May 06, 2023 19:53 Asia/Tokyo

先だって崩御した故エリザベス2世英女王の長男、ウィンザー家のチャールズ3世が6日土曜に新英国王として戴冠します。

 チャールズ3世は、母親たる故エリザベス女王死後、2022年9月から正式に国王に即位しましたが、長年の伝統にそって戴冠式を数か月先に延期していました。

英国のの廃止を求める英国市民が増加していることから、 チャールズ3世の戴冠式で王制反対派が強い抗議の意を示すことが予測されています。共和派グループの指導者であるグラハム・スミス氏は「英首都ロンドンで6日土曜、チャールズ 3 世の戴冠式の実施と同時に、数千人もの王制反対派が、新国王の車列の沿道に加えて国内の他都市でも、デモを行うだろう」と表明しました。 共和党派らは、チャールズ3世の車列が通る沿道で「あなたは私の王ではない!我々はあなたを選んでいない」と書かれたプラカードを掲げることになっています。 

英テレビ局スカイニュースは、今回の戴冠式の費用を2億5,000 万ポンド、つまり 3 億1,400万ドルと計上しています。

英共和派のスミス氏は「国民が生活費高騰の危機に直面している今、国王の戴冠式は完全に不要だ」と語っています。 

英国民の多くは、家族に十分な食物を確保するために慈善団体やフードバンクに頼っている中で、このような式典に莫大な費用をかけることは低所得者にとって不快であると考えています。実際、英国のインフレ率は過去40年間で最高レベルに達しており、食品、エネルギー、家賃の価格はすべて記録を更新しているとともに、英中央銀行によれば、同国は景気後退期に突入しています。過去数ヶ月間で、多数の公職関係者が現在の状況に抗議し、公務を停止し路上でデモを行っています。 
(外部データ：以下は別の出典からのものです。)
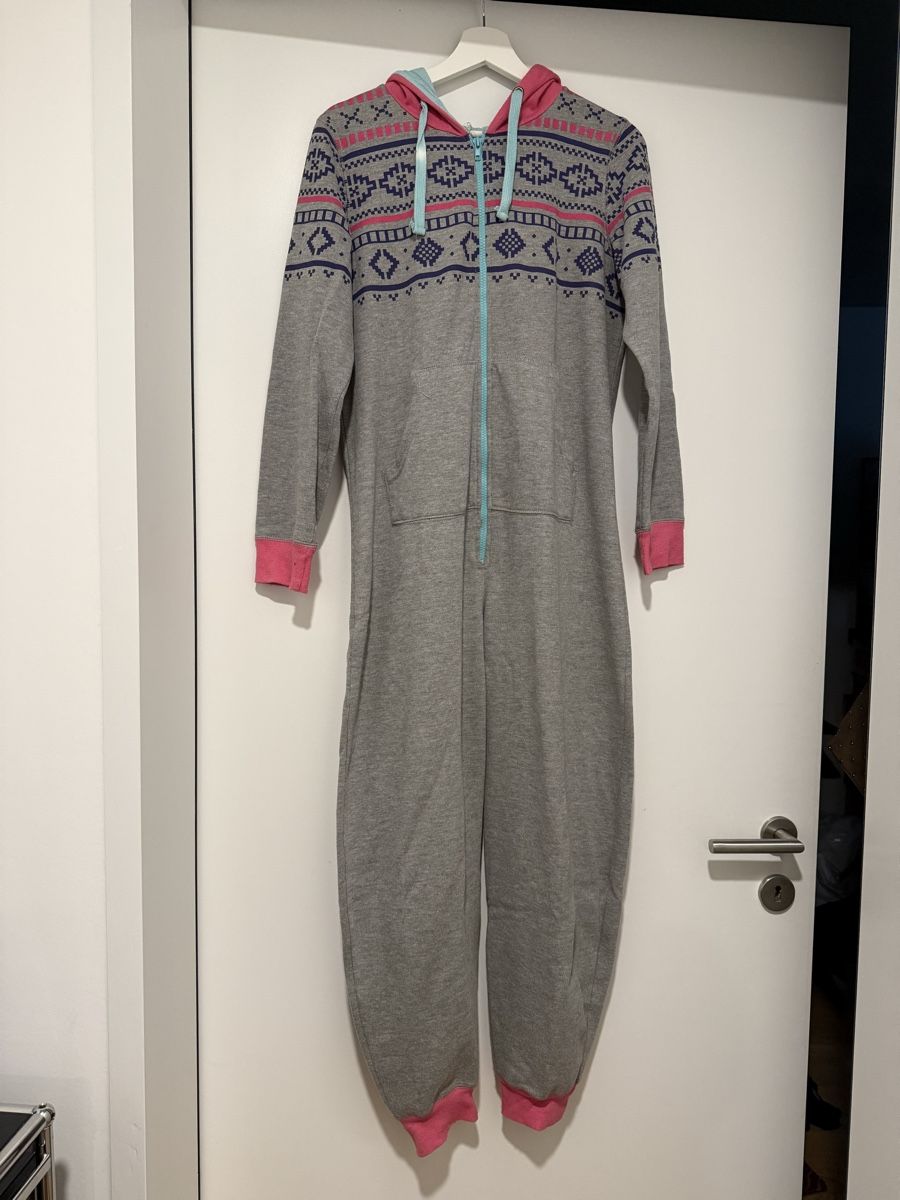 Négligés & Pyjamas: Schlafanzug Overall M  – D'occasion à Basel par pau_8zcp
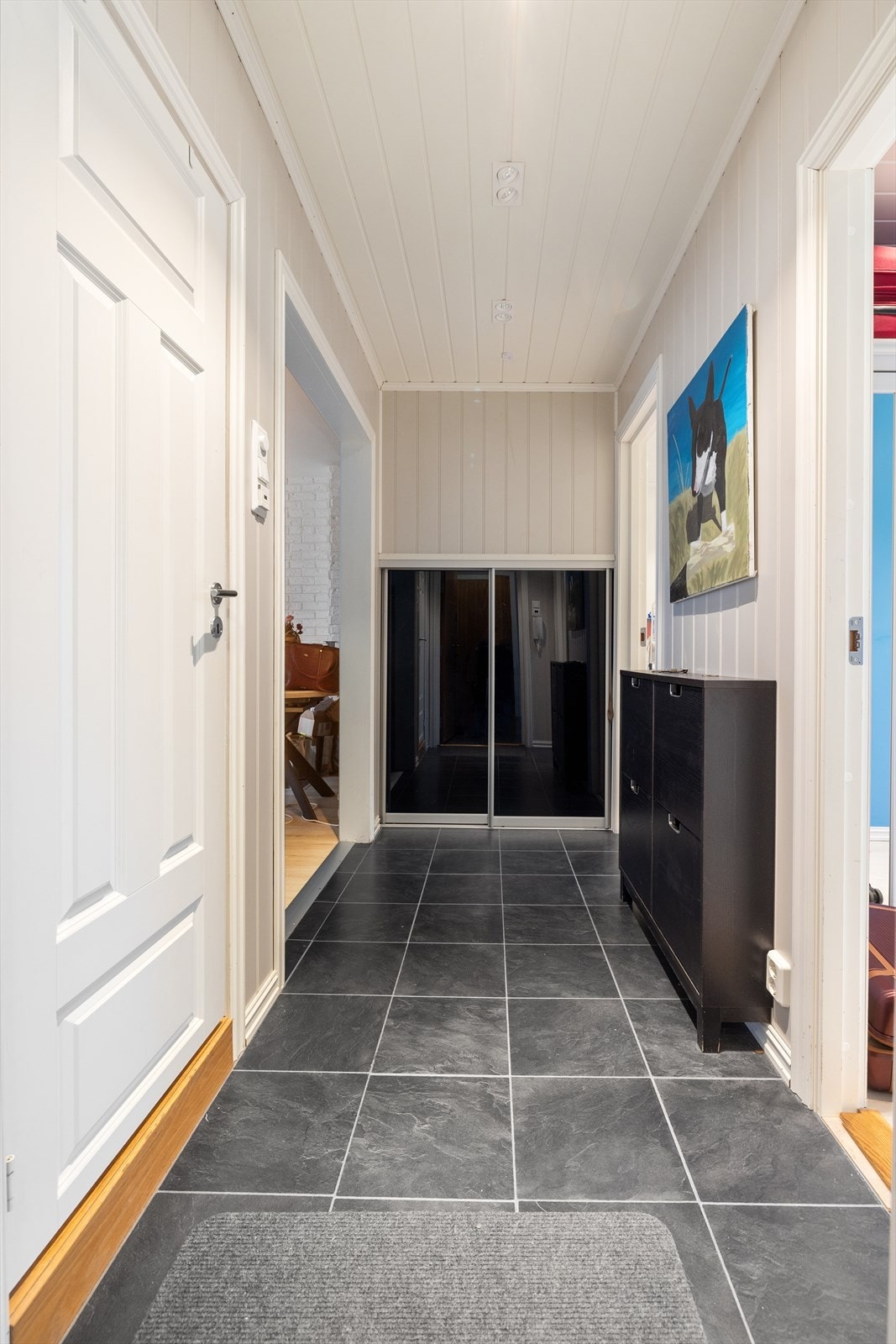 Stor og romslig entré/gang med godt med lagringsplass. Velkommen inn! Galleribilde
チャールズ3世は、昨年エリザベス2世が96歳で亡くなった後、イギリスの王位を継承しました。エリザベス女王の在位期間は70年と214日間にも及びました。重要なことは、チャールズ3世がイギリス国内各都市でのあらゆる式典や訪問で批判や侮辱を受け、卵を投げつけられる事態に直面したことです。もっとも、抗議者の多くは逮捕されました。英王室に反対する人々は、21世紀において国民が英国の最高位を決定する上で直接または間接的に何の役割も持たないこと、およびしかるべき能力や適性を考慮せずに国王や女王の息子であるという理由だけで、一国の主あるいは統治者になることを受け入れていないのです。 

英国で実施された世論調査の結果によれば、英国民のうち58%が統治は選挙で選ばれるべきだと考えており、また51%は、戴冠式の費用は納税者からの税金でまかなわれるべきではないと考えています。

前出のスミス氏は、「戴冠式は費用のかかるパントマイムでしかなく、生活費の危機に苦しんでいる数百万人もの人々に平手打ちを食らわせたに等しい」とコメントしました。 

英国民の間で王室制度に対する支持率が低下している一方で、英王室は近年大きな問題に直面し、さまざまな道徳的および財政的腐敗に絡んでいます。その上、英国の女王と皇太子はこの国の情勢に干渉しないと主張しているにもかかわらず、現実はこうした表明とは逆になっています。英紙ガーディアンは、2021年半ばの独占レポートで、1000以上の法律が、英国議会での承認前に、エリザベス女王またはその息子チャールズ皇太子によって検討されたと報じました。これらの法律は、イギリスのEU離脱、司法、社会保障、年金、人種関係、食糧政策から、ホバークラフトや一般車両の駐車料金に関する曖昧な規則まで、幅広い問題に至る内容となっています。